Problem to work on
Leave out every picture, and return exactly the lines from the line containing "Colorful Rooster Print Tapestry" through the end of the records below, both inclusive.

[Record set Boundary: Start]

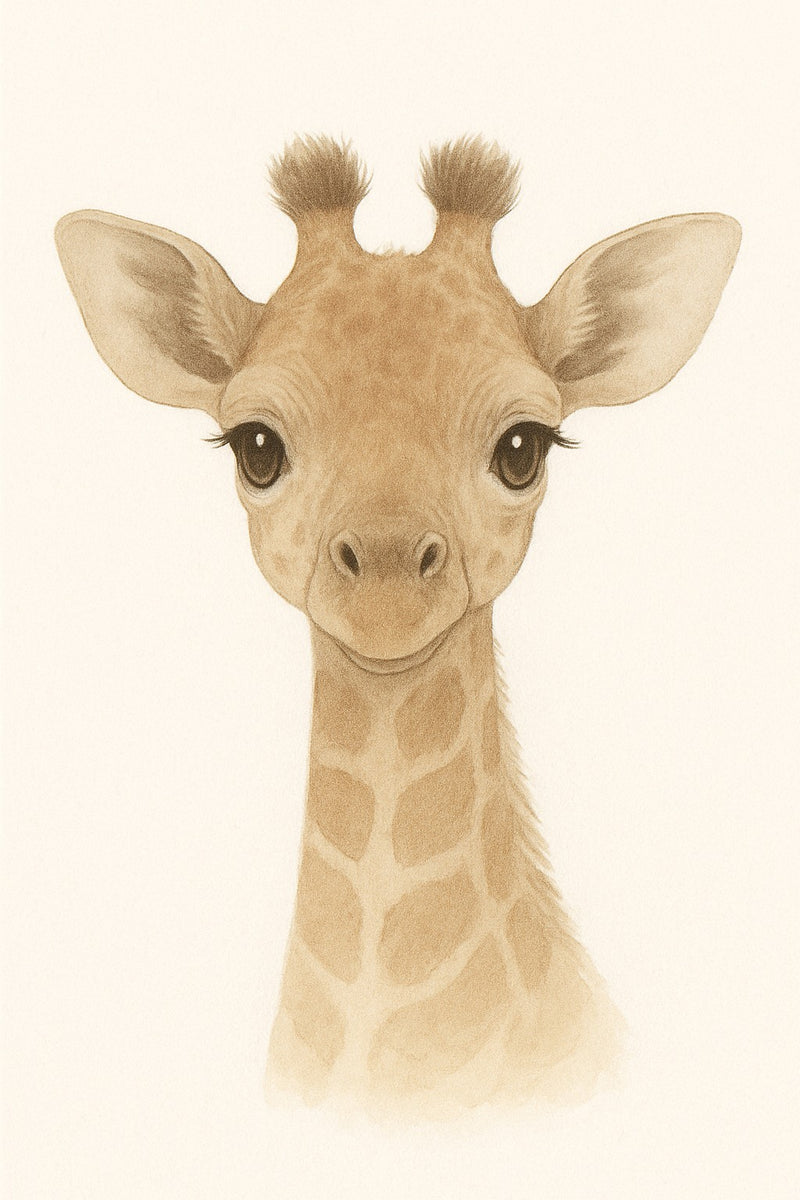 Giraffe Nursery Print – Neutral Jungle Animal Wall Art for Baby Room | Boho Safari Giraffe Poster, Gender Neutral Nursery Décor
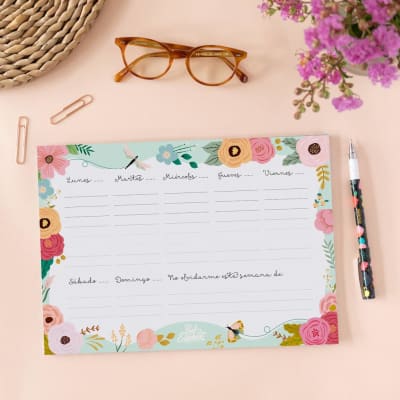 Pink elephant organizador semanal de papel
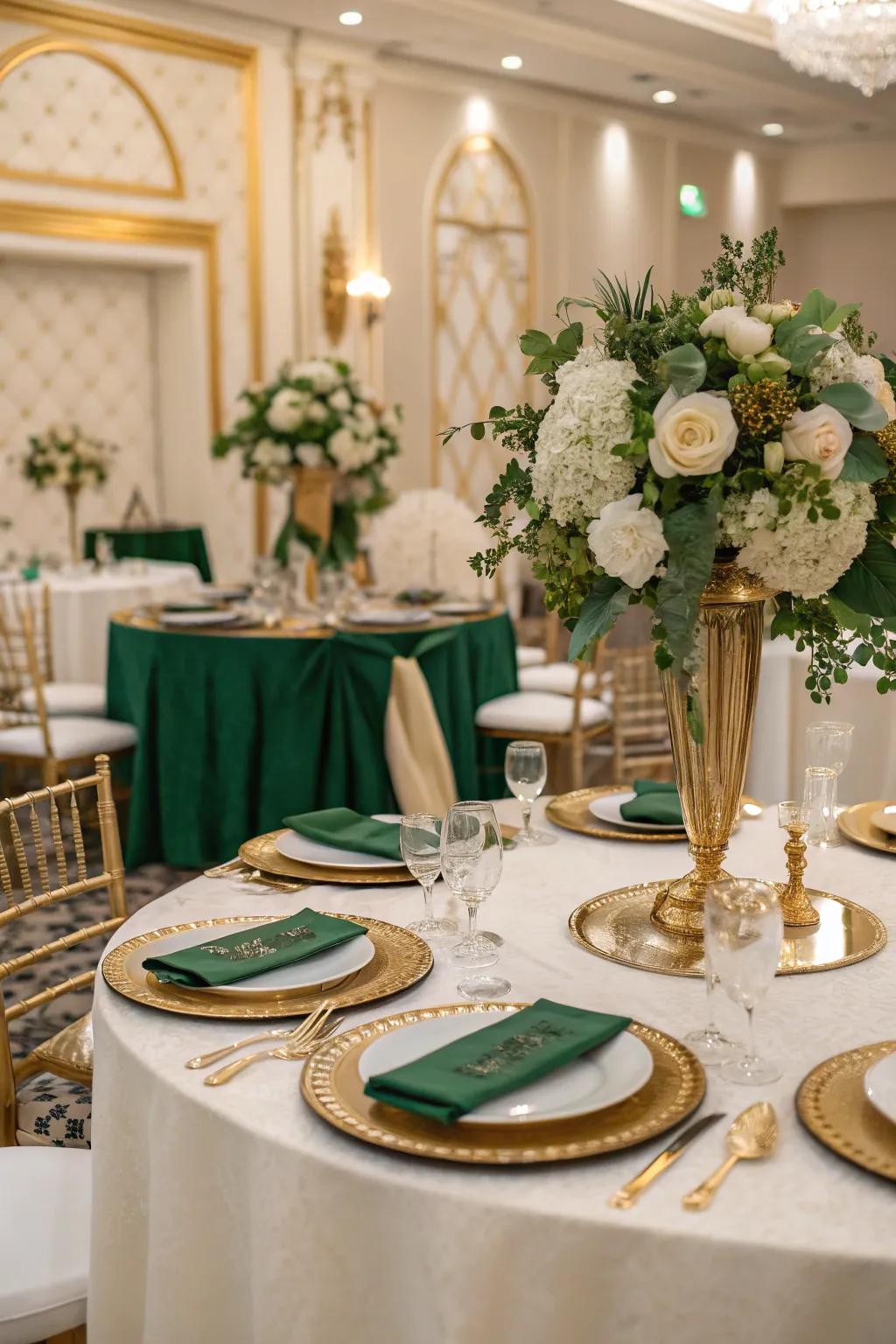 A refined color coordination of emerald green, gold, and ivory.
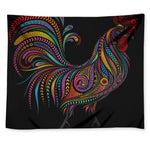 Colorful Rooster Print Tapestry
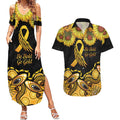 Be Bold Go Gold Aboriginal Ribbon Childhood Personalised Couples Matching Summer Maxi Dress and Hawaiian Shirt
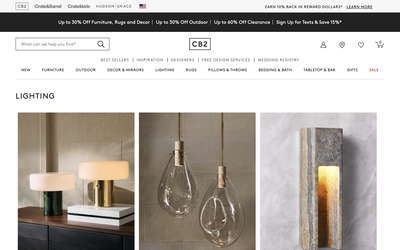 CB2 website screenshot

[Record set Boundary: End]

Solution for this exercise
 Colorful Rooster Print Tapestry
 Be Bold Go Gold Aboriginal Ribbon Childhood Personalised Couples Matching Summer Maxi Dress and Hawaiian Shirt
 CB2 website screenshot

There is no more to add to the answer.